DITECH FINANCIAL LLC, Plaintiff-Appellee,
v.
Sharon J. HERMAN et al., Defendants-Appellants.

No. 17AP-225

Court of Appeals of Ohio, Tenth District, Franklin County.

Rendered on September 28, 2017

On brief: Clunk, Paisley, Hoose Co., LPA, Ashley E. Mueller and Jason A. Whitacre, Stow, for appellee. Argued: Ashley E. Mueller.

On brief: Strip Hoppers Leithart McGrath & Terlecky Co., LPA, Timothy J. McGrath and Nelson E. Genshaft, Columbus, for appellants. Argued: Nelson E. Genshaft.

DECISION

TYACK, P.J.

{¶ 1} Sharon J. and Mark D. Herman are appealing from the trial court's granting of summary judgment on behalf of Ditech Financial LLC. For the following reasons, we reverse and remand the case to the trial court.

I. FACTS AND CASE HISTORY

{¶ 2} This is a foreclosure case. In 2007, the Hermans purchased the property commonly known as 6033 McNaughten Grove Lane, Columbus, Ohio. On January 7, 2008, a mortgage was recorded on the McNaughten property when the Hermans refinanced with Countrywide. Bank of America subsequently became successor to Countrywide when Bank of America purchased Countrywide during the 2007-08 financial crisis.

{¶ 3} The Hermans filed a Chapter 7 bankruptcy after the failure of their business during the Great Recession in the U.S. Bankruptcy Court for the Southern District of Ohio. A loan to the Hermans' business had been collateralized with a lien on the McNaughten property.

{¶ 4} The loan to the Hermans' business was acquired by SRB Servicing, which then pursued foreclosure on the McNaughten property before the same Franklin County Common Pleas judge as the case at bar. SRB Servicing v. Herman et al. , Franklin C.P. No. 14CV-5066 (Nov. 24, 2015). Bank of America and the Hermans were named as defendants and served with summons. Bank of America failed to answer and default judgment was entered against them. The September 18, 2014 order and judgment entry in SRB Servicing granted a default judgment against Bank of America stating that Bank of America was timely served and failed to appear. Bank of America was in default of the complaint pursuant to Civ.R. 55.
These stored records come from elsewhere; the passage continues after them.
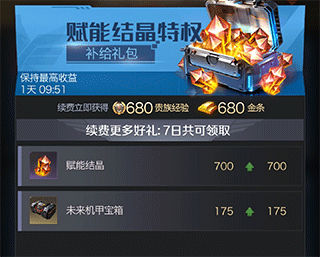 红警5风云再起机甲赋能玩法示意图5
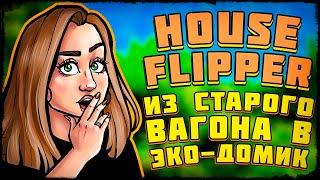 ИЗ СТАРОГО ВАГОНА В СТИЛЬНЫЙ ДОМ НА КОЛЕСАХ // House Flipper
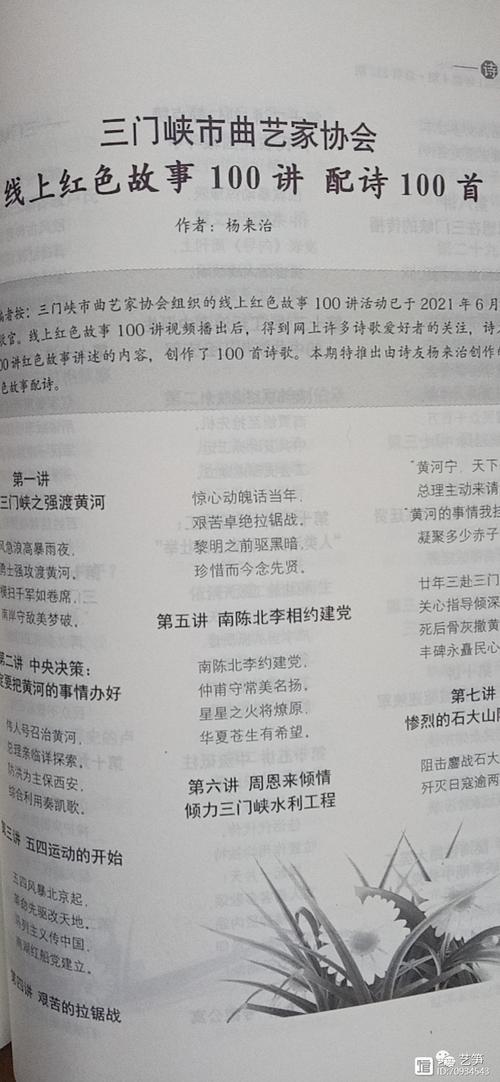 文明城市的诗魂何在？-图3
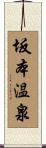 坂本温泉 Scroll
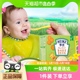 400g 亨氏米粉婴儿宝宝辅食含铁营养米糊鱼肉蔬菜胡萝卜多口味盒装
{¶ 5} Allegedly in September 2014, the Hermans defaulted on their payments under the note. The Hermans were sent a letter on October 14, 2014 from loan servicer, Green Tree Servicing LLC ("Green Tree"), advising the Hermans about the default and the right to cure. On November 6, 2014, records indicate the mortgage assignment to Green Tree was recorded.

{¶ 6} On February 27, 2015, a judgment entry was entered in the SRB Servicing case in favor of SRB Servicing LLC. On May 6, 2015, Green Tree moved to intervene in SRB Servicing . On August 31, 2015, Green Tree merged with Ditech Financial LLC.
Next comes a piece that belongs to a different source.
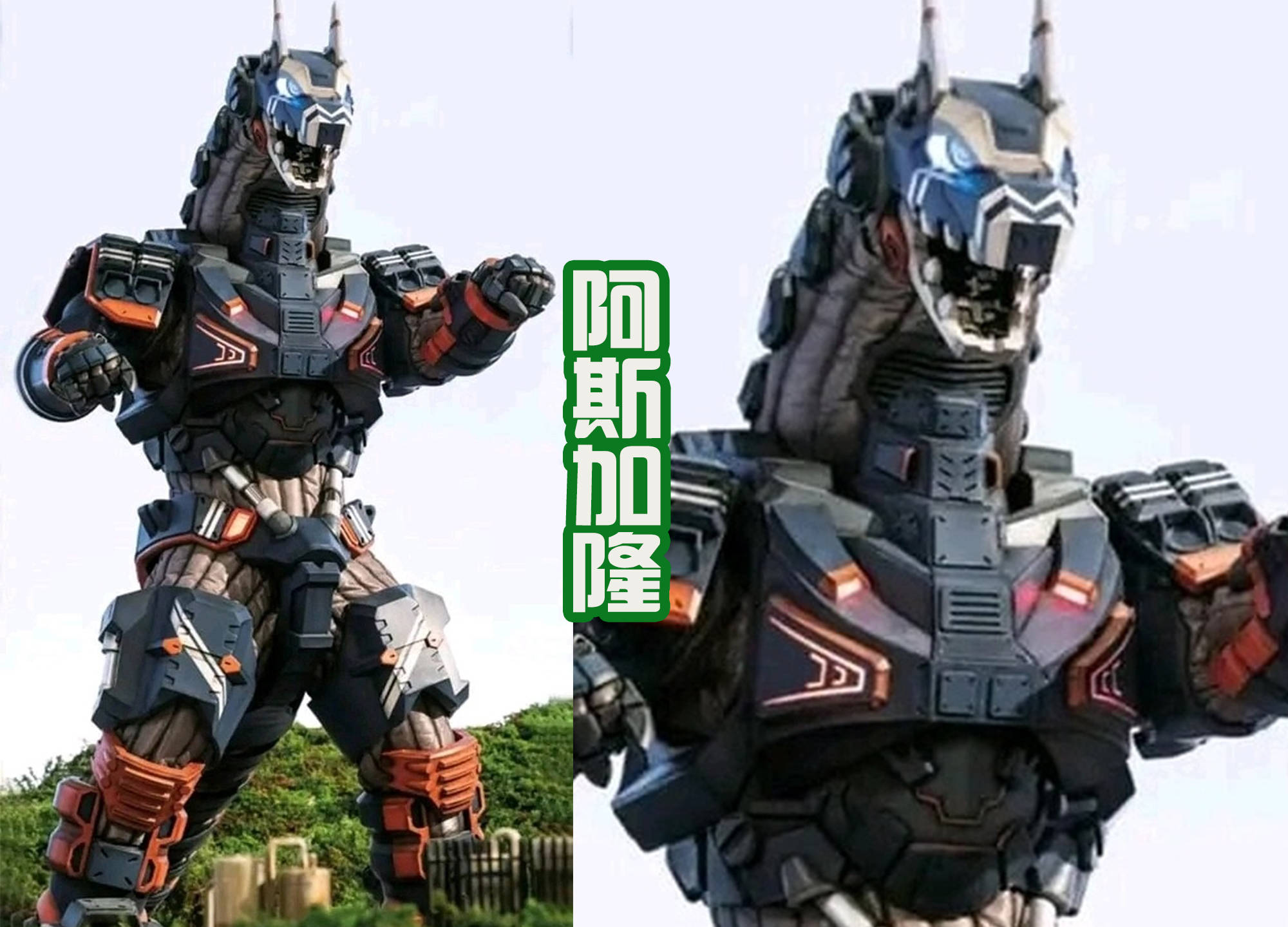 奥特曼和特战兽并肩战斗!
*1284{¶ 7} The SRB Servicing case was settled, post judgment. As a result, the foreclosure judgment entry in that case was vacated on November 24, 2015.

{¶ 8} On March 9, 2016, Ditech Financial LLC filed a complaint in foreclosure. On October 4, 2016, the trial court issued an order substituting MTGLQ Investors, LP (hereinafter "appellee") as the plaintiff. Appellee alleged it is the holder of the promissory note executed by the Hermans and secured by a mortgage on real property located at 6033 McNaughten Grove Lane, Columbus, Ohio.

{¶ 9} On December 13, 2016, appellee moved for summary judgment. The Hermans opposed the motion for summary judgment arguing that there is a question as to the validity of the mortgage held by appellee and the notice of default. On February 18, 2017, the trial court granted appellee's motion for summary judgment. The trial court found that appellant's reliance on the decision rendered in case No. 14CV-5066 is misplaced as the judgment was vacated and the complaint was dismissed. The trial court found that sufficient evidentiary-quality materials established that no genuine issues of material fact existed.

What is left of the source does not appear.